# Scofeild



## ICEMAN2 (Dec 5, 2008)

Has anyone been up to Scofield to check the ice, Its been cold up there, I am tempted to head up today just to satisfy my curiosity. Can someone save me the trip!!!


----------



## Nor-tah (Dec 16, 2007)

As of yesterday there was no fishable ice from the reports I read. Plus its suposed to snow a foot today in the mountains. I would wait a few days. Its close but I would wait.


----------



## kamas_kid (Dec 4, 2008)

It is snowing a foot here in the mountains.... it's freaken cold down here!
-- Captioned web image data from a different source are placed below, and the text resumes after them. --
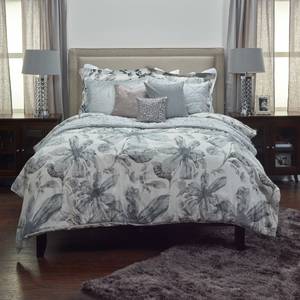 Picture of Lark King Comforter Set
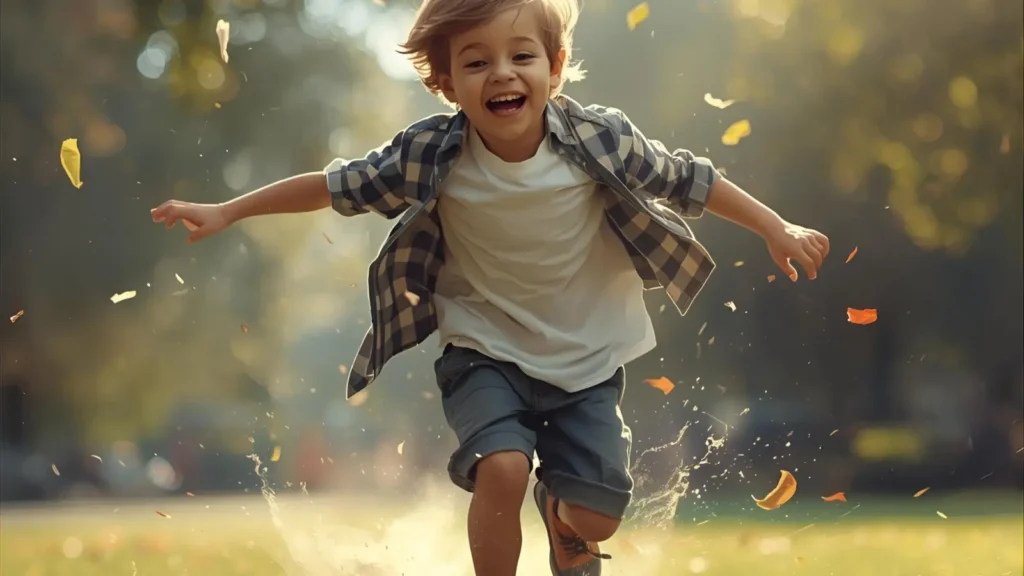 son captions for instagram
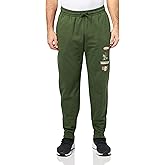 Timberland Men's Made for Working Graphic Sweatpants
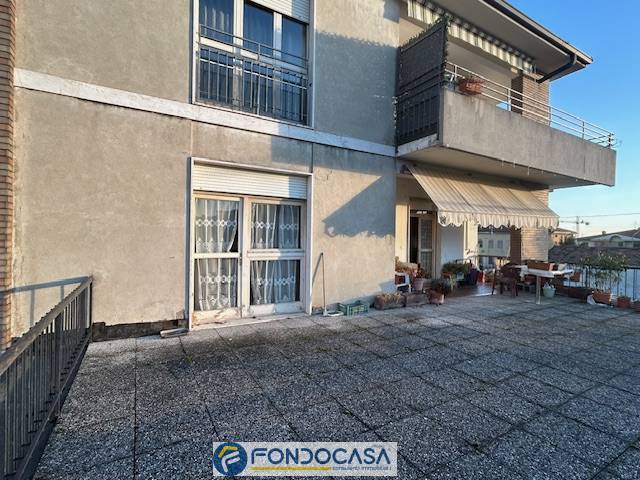 immagine annuncio 10 di 14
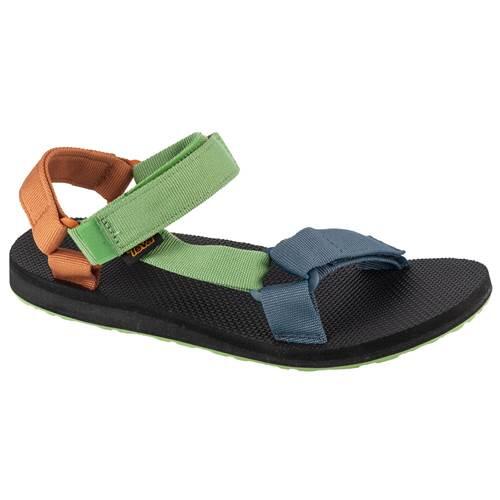 Buty do chodzenia męskie Teva Original Universal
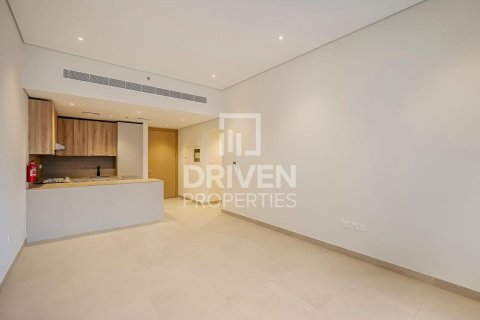 Apartamento em Arjan, Dubai, EAU 2 quartos, 119.57 m2 № 768572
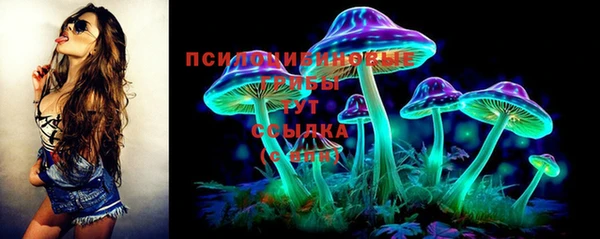 синтетический гашиш Кинешма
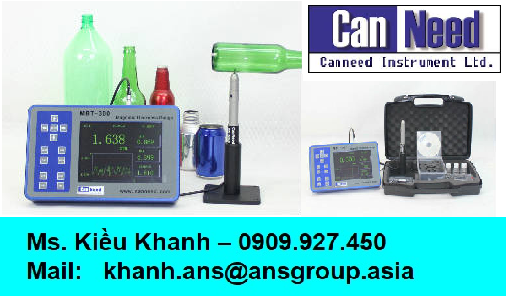 mbt-300-hall-effect-thickness-gauge-may-do-do-day-chai-tu-tinh-canneed-viet-nam.png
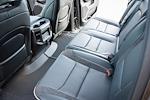 New 2025 Ram 1500 Laramie Crew Cab 4x4 Pickup for sale #W681769 - photo 30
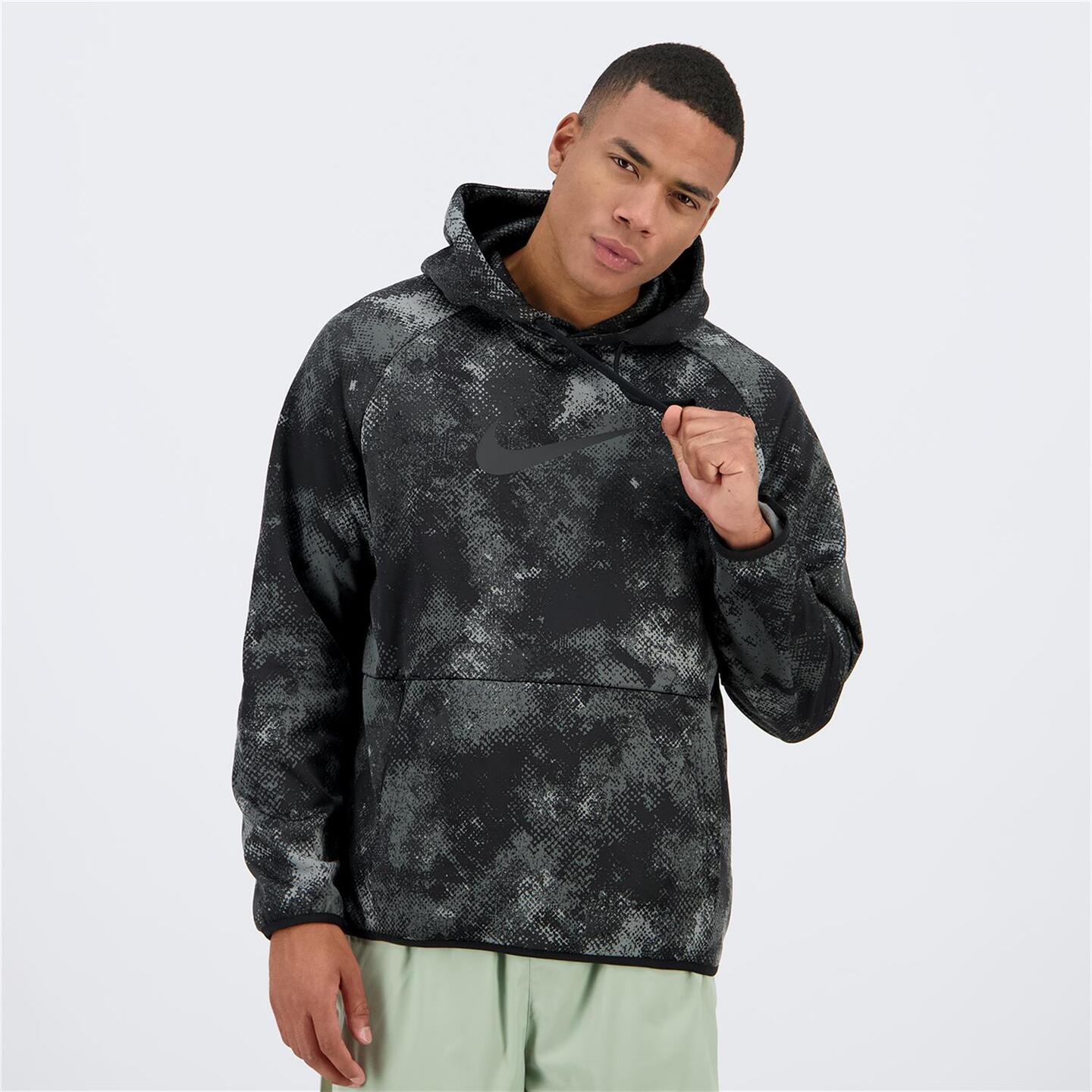 Ofertas sudaderas nike on sale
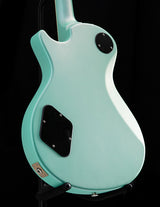 Paul Reed Smith S2 McCarty 594 Singlecut Satin Robins Egg Blue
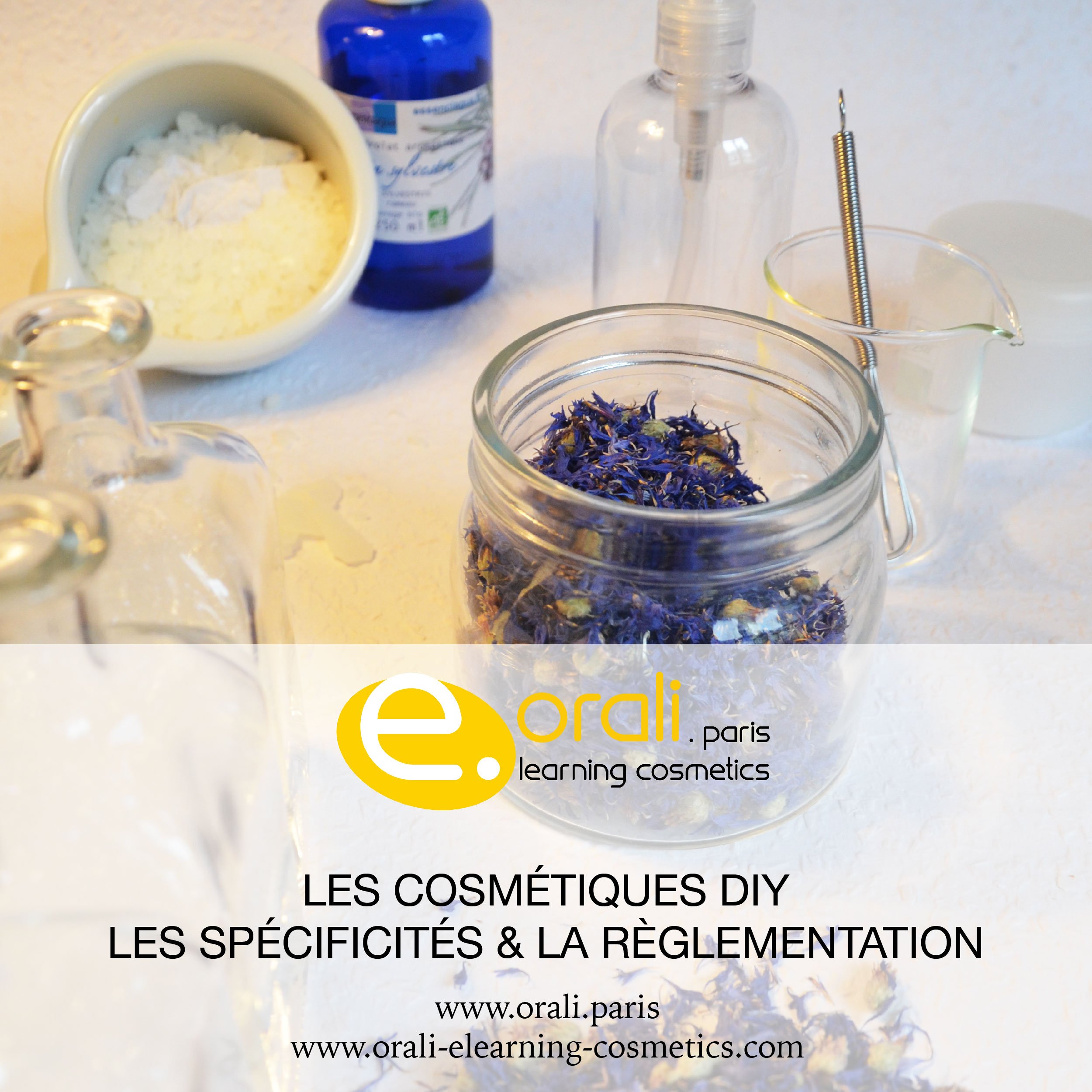 COSMETIQUES NATURELLES DIY SPECIFICITES ET REGLEMENTATION-15.jpg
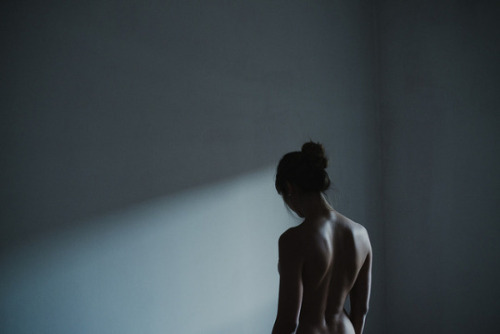 sift:by Alessio Albi
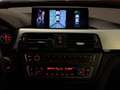 BMW 335 335d xDrive GT Aut. M-Pakket // Pano // Euro 6B Grijs - thumbnail 14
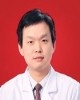 李秋柏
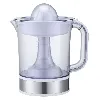 presse-agrumes cosylife cl-cj01x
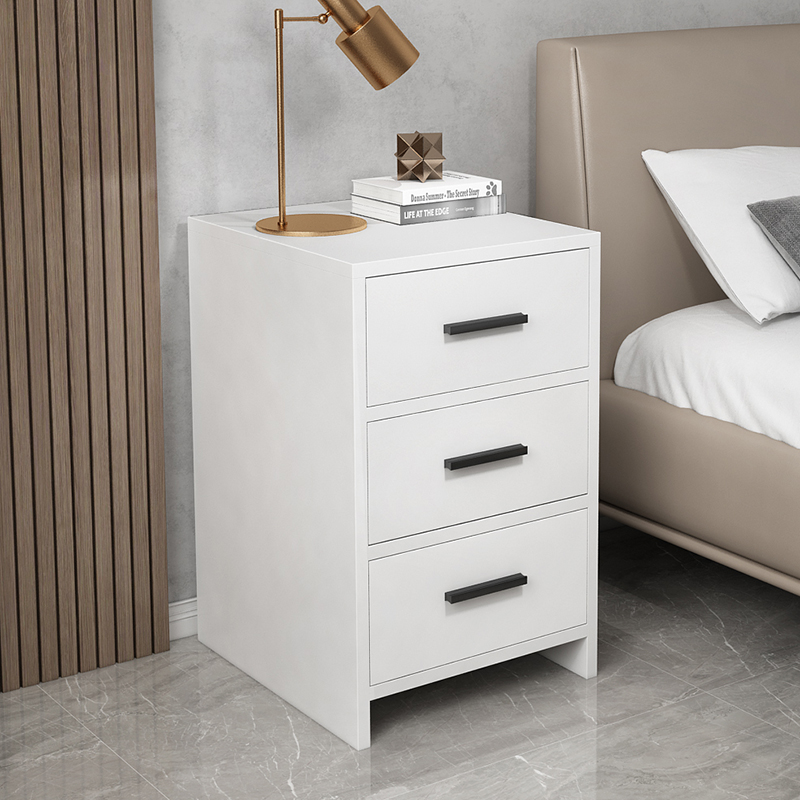 ☆★좁은 모델, 따뜻한 흰색, 펌프 3개, 길이 30*가로 30*높이 58☆★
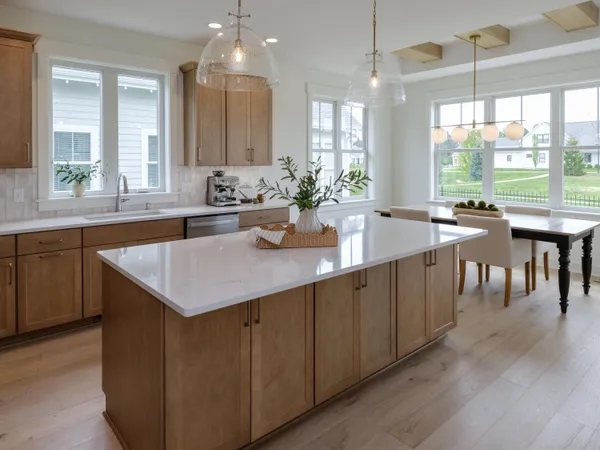 $750,000 | 7207 Coreopsis Cove, Kalamazoo, MI 49009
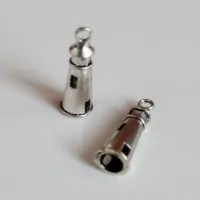 Подвеска Маяк shb-065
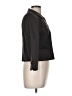 Pendleton Gray Blazer Size 10 - photo 4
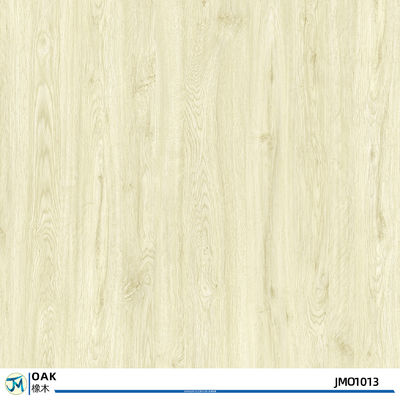 Spc Wood Planks Oak Wood Flooring 7 Quot X48 Quot 3.5mm Thickness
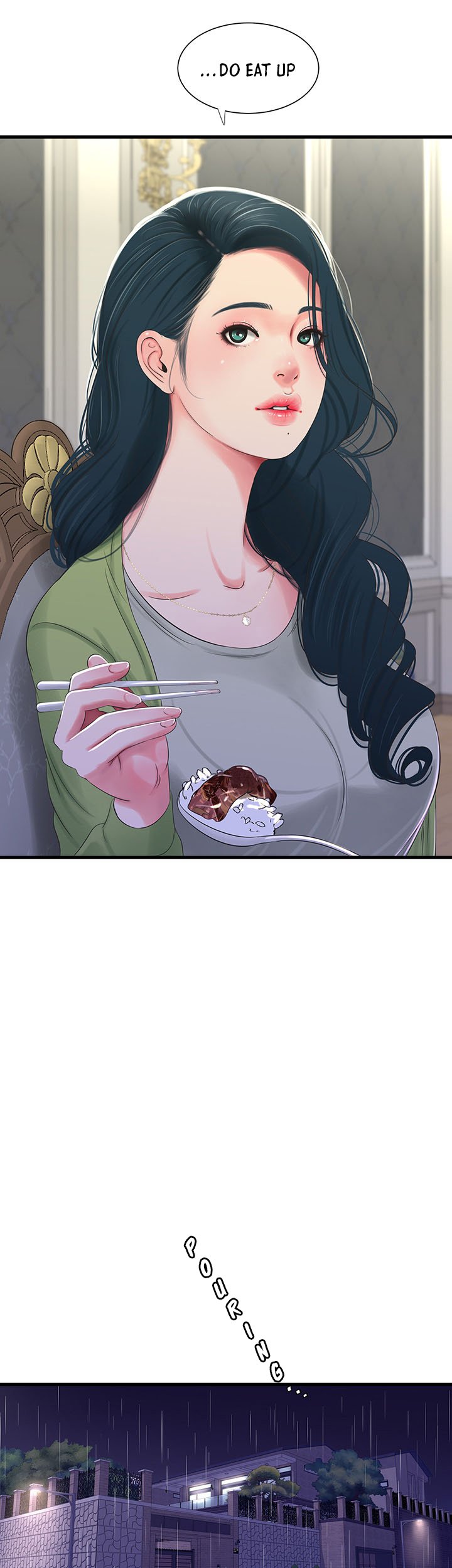 One’s In-Laws Virgins Chap Chapter 29-One’s In-Laws Virgins - Next Chap 30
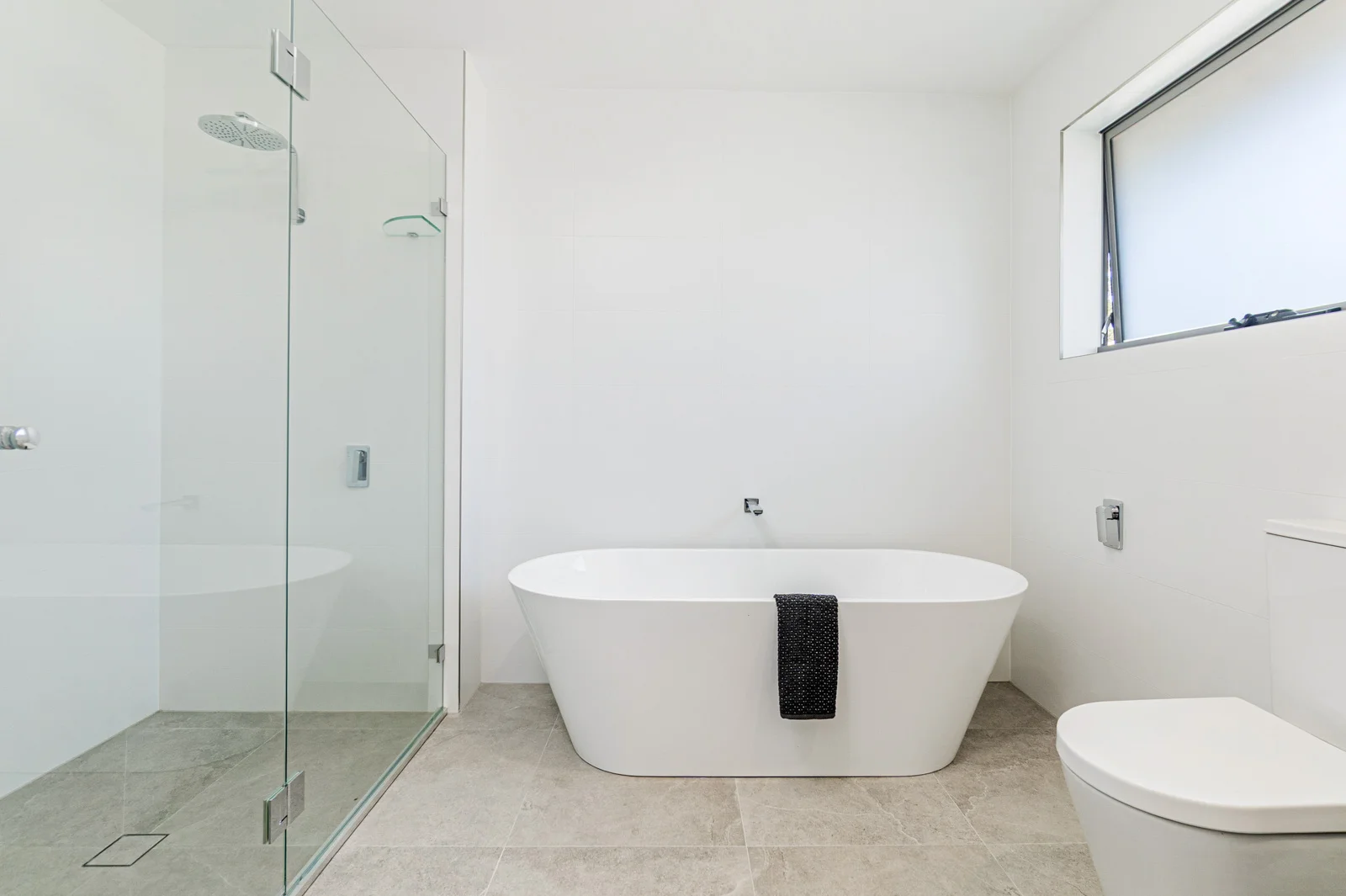 Additional image 7 of 57 Serengeti Circuit, Silverdale NSW 2752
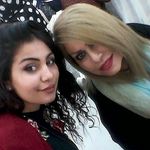 Profile Picture of afzali.salone.lian (@afzali.salone.i) on Instagram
You shouldn't have to wait more than a week for the ice


----------



## ICEMAN2 (Dec 5, 2008)

That is good news! While on the subject of Scofield, I need some help! I have yet to pull a tiger through the ice, I see them on my camera all the time, but I can't seem to get them to hit. I catch plenty of bows and cuts, but no Tigers, what am I doing wrong, I use the traditional jigs that everyone else seems to use. I target areas where tigers are usually at (according to the unauthourized Professionals that is) Does anyone have consistant sucsess with them, Just looking for some tips not your holes, I know the lake pretty well, but for some reason I have the TIGER JYNX. Thanks


----------



## mjschijf (Oct 1, 2007)

ICEMAN2 said:


> That is good news! While on the subject of Scofield, I need some help! I have yet to pull a tiger through the ice, I see them on my camera all the time, but I can't seem to get them to hit. I catch plenty of bows and cuts, but no Tigers, what am I doing wrong, I use the traditional jigs that everyone else seems to use. I target areas where tigers are usually at (according to the unauthourized Professionals that is) Does anyone have consistant sucsess with them, Just looking for some tips not your holes, I know the lake pretty well, but for some reason I have the TIGER JYNX. Thanks


+1 on the Tiger advice seeking. I'm also hoping to catch a couple through the ice this winter.


----------



## copper (Sep 11, 2008)

Don't know about through ice. But the dam area seems to hold a fairly nice population of tigers.


----------



## cwp (Nov 25, 2007)

If you want the tigers you need to go where the feeder fish and crawdads are at......the rocks. I have fished scofield a ton in the last 3 years and have caught the tigers the most in the rocky areas. The minnows tend to gather there where there are cracks in the cover where they can hide and the crawdads are plentiful.
Cory


----------



## ICEMAN2 (Dec 5, 2008)

CWP, are you fishing with jigs, spinners, bait what? For the Tigers I mean. Do they respond like the bows and cuts if you get into them, like I said I have had plenty of them on my camera, but they never seem to intereseted in what I have to offer them


----------



## LOAH (Sep 29, 2007)

Tigers like minnows. Have you tried using those?


----------



## Catherder (Aug 2, 2008)

We iced a few nice tigers out of Scofield last year with conventional jigs tipped with mealworms/waxies, but I got my best tigers there with a slightly bigger jig (like what you'd use for cutts at Strawberry) tipped with shiner minnow.


----------



## Jacksonman (Jan 16, 2008)

I might try to ice fish Scofield tomorrow. On Saturday it was mostly capped and I hear that they didn't receive any snow yesterday at Scofield. Plus it is supposed to be super cold today and tonight.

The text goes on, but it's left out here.